A three-dimensional measuring apparatus characterized by comprising (4). 3. A three-dimensional measuring apparatus having a contact-type measuring probe (14), when measuring a measuring object (12), the measuring object (12) and the measuring probe (14) interfere with each other. The measurement object (1
The contact angle of the measurement probe (14) with respect to the measurement object (12) is controlled such that the contact pressure of the measurement probe (14) with respect to 2) is optimized, while the contact pressure does not exceed a reference value. The measuring probe (14)
A three-dimensional measuring apparatus comprising control means (28, 30, 34) for controlling the approach speed of a vehicle. 4. A measuring probe (14) which is brought into contact with a measuring object (12) to detect the coordinates of the measuring point.
Contact pressure detecting means (20) for detecting a contact pressure of the measurement probe (14) with respect to the measurement target (12) at the measurement point, and a contact pressure by the contact pressure detection means (20) is a reference value. A control means (30) for changing a contact angle of the measurement probe (14) with respect to the measurement object (12) so that the contact pressure is within a reference value when the pressure exceeds the reference value. 3D measuring device. 5. A measurement point storage means (25) for storing measurement points on a measurement object (12), and a CAD data storage means (26) for storing CAD data of the measurement object (12). And the control means determines that the measurement probe (14) performs the measurement based on the measurement points stored in the measurement point storage means (25) and the CAD data stored in the CAD data storage means (26).
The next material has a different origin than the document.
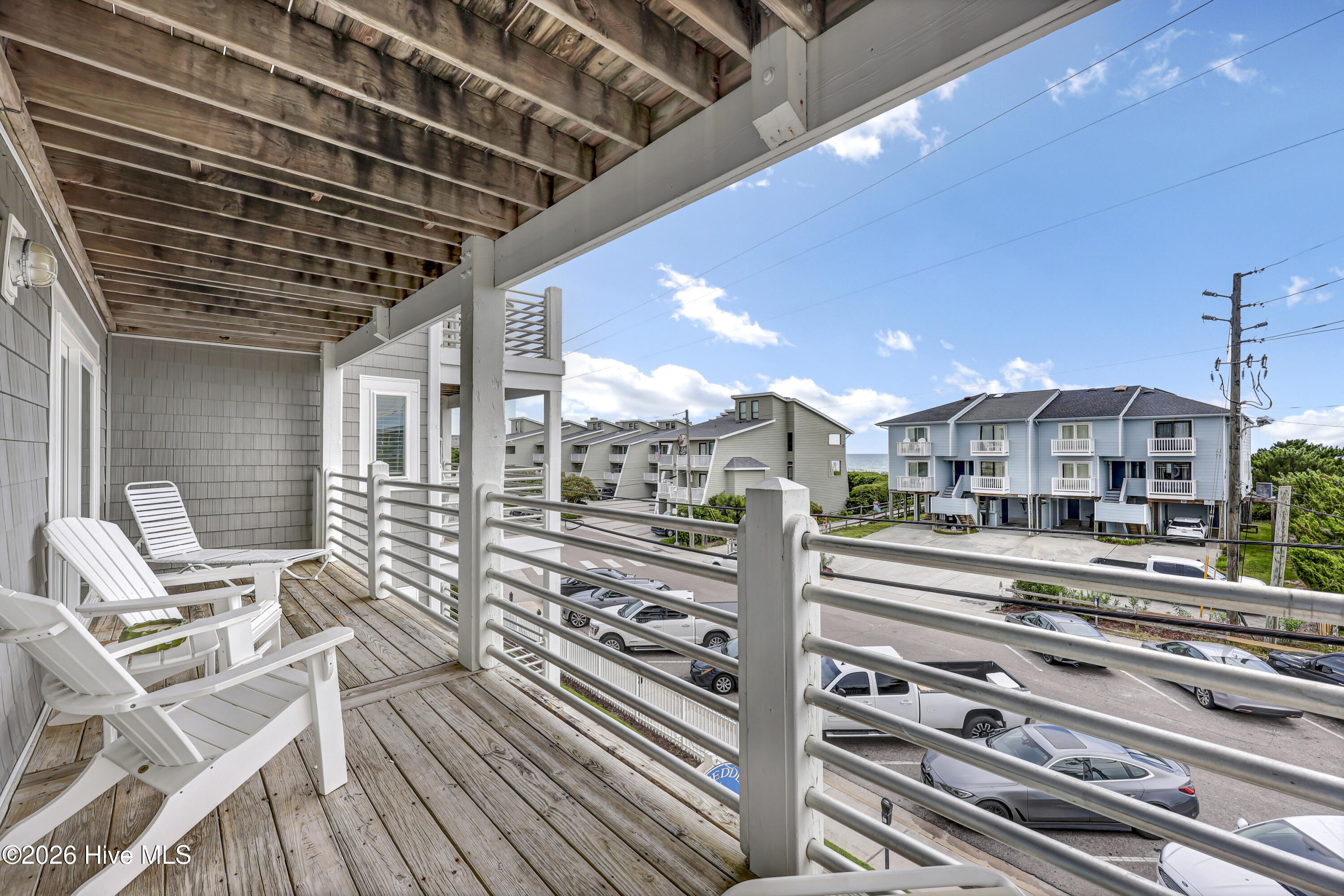 15 Nathan Avenue Unit 205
The contact angle of the measurement probe (14) with respect to the measurement object (12) is changed such that the contact pressure is within a reference value within a range that does not interfere with the object (12). 3. The three-dimensional measuring device according to 2. 6. The control means further comprises means for adjusting an approach speed of the measurement probe (14) to the object to be measured (12) such that the contact pressure is within a reference value. The three-dimensional measuring device according to claim 4 or 5, wherein 7. A measurement probe (14) which is brought into contact with a measurement object (12) to detect the coordinates of the measurement point.
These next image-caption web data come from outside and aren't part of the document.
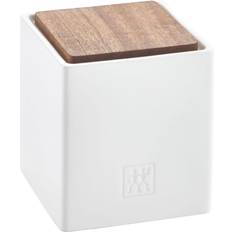 Zwilling Kitchen Containers Zwilling Medium Kitchen Container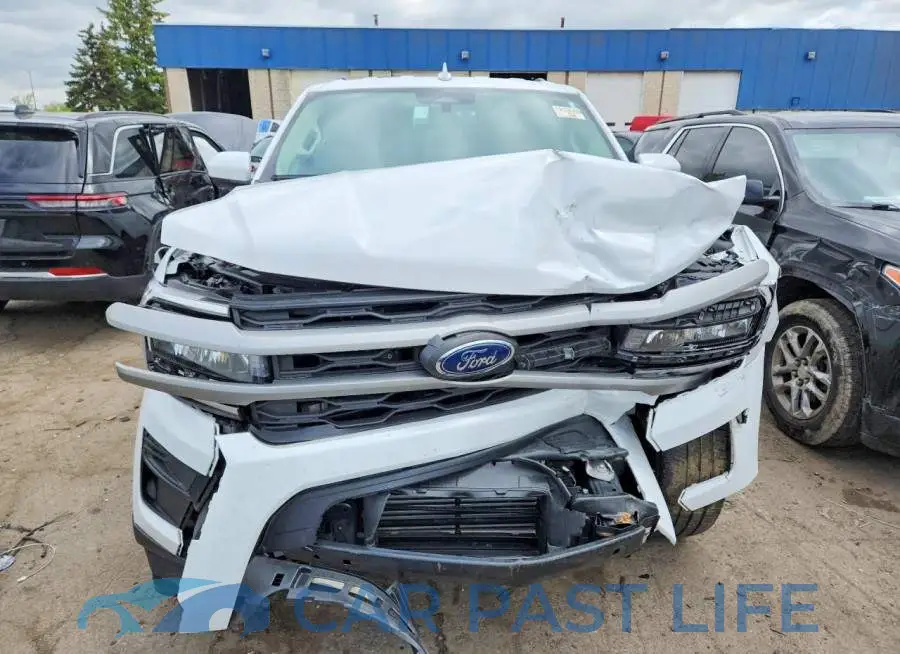 1FMJK1J80REA41068# 5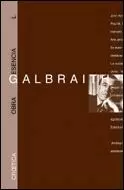 GALBRAITH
Measurement point storage means (25) for storing measurement points on the measurement object (12); and CA for storing CAD data of the measurement object (12).
D data storage means (26), and a measurement probe (14) for the measurement object (12)
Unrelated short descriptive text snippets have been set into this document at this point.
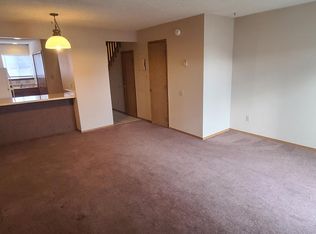 4016 Muse Way, Colorado Springs, CO 80907
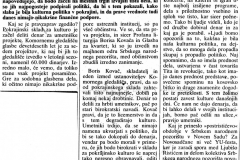 DELO-080890-POLITIKA_I_POZORISTE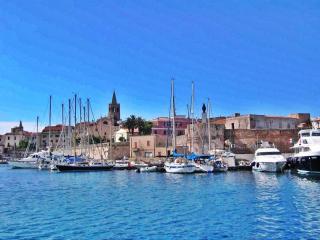 Alghero cheap holidays - Alghero - 8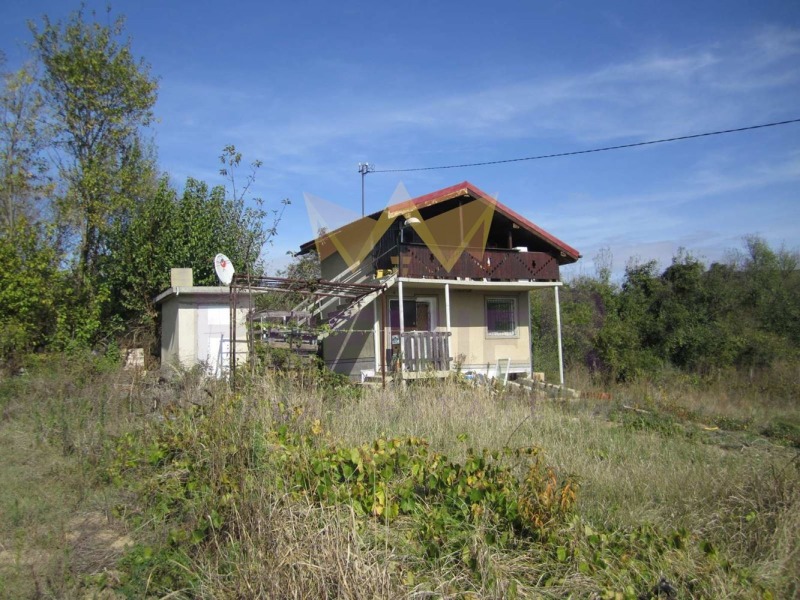 Продава  Къща, област Варна, с. Чернево • 48 900 EUR • ID 90208866 — holmes.bg - [1] 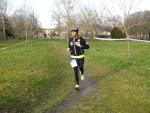 Cross di Collegno 18-01-2015 250-.jpg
A contact pressure detecting means (20) for detecting a contact pressure of the object; a measuring point stored in the measuring point storing means (25); and CAD data stored in the CAD data storing means (26). Calculating a non-interference range in which the measurement probe (14) does not interfere with the measurement object (12); calculating a contact angle of the measurement probe (14) within the non-interference range; First control means (30) for bringing the probe (14) into contact with the measurement point; and when the contact pressure at the measurement point exceeds a reference value, the measurement is performed within the non-interference range so as not to exceed the reference value. A second control means (30) for changing a contact angle of the probe (14) and bringing the measurement probe (14) into contact with a measurement point at the contact angle; If the contact pressure at the measurement point exceeds a reference value, the approach speed of the measurement probe (14) to the measurement object (12) is adjusted so that the measurement pressure of the measurement probe (14) does not exceed the reference value. A three-dimensional measuring apparatus, comprising: third control means (34) for bringing the point into contact with the point.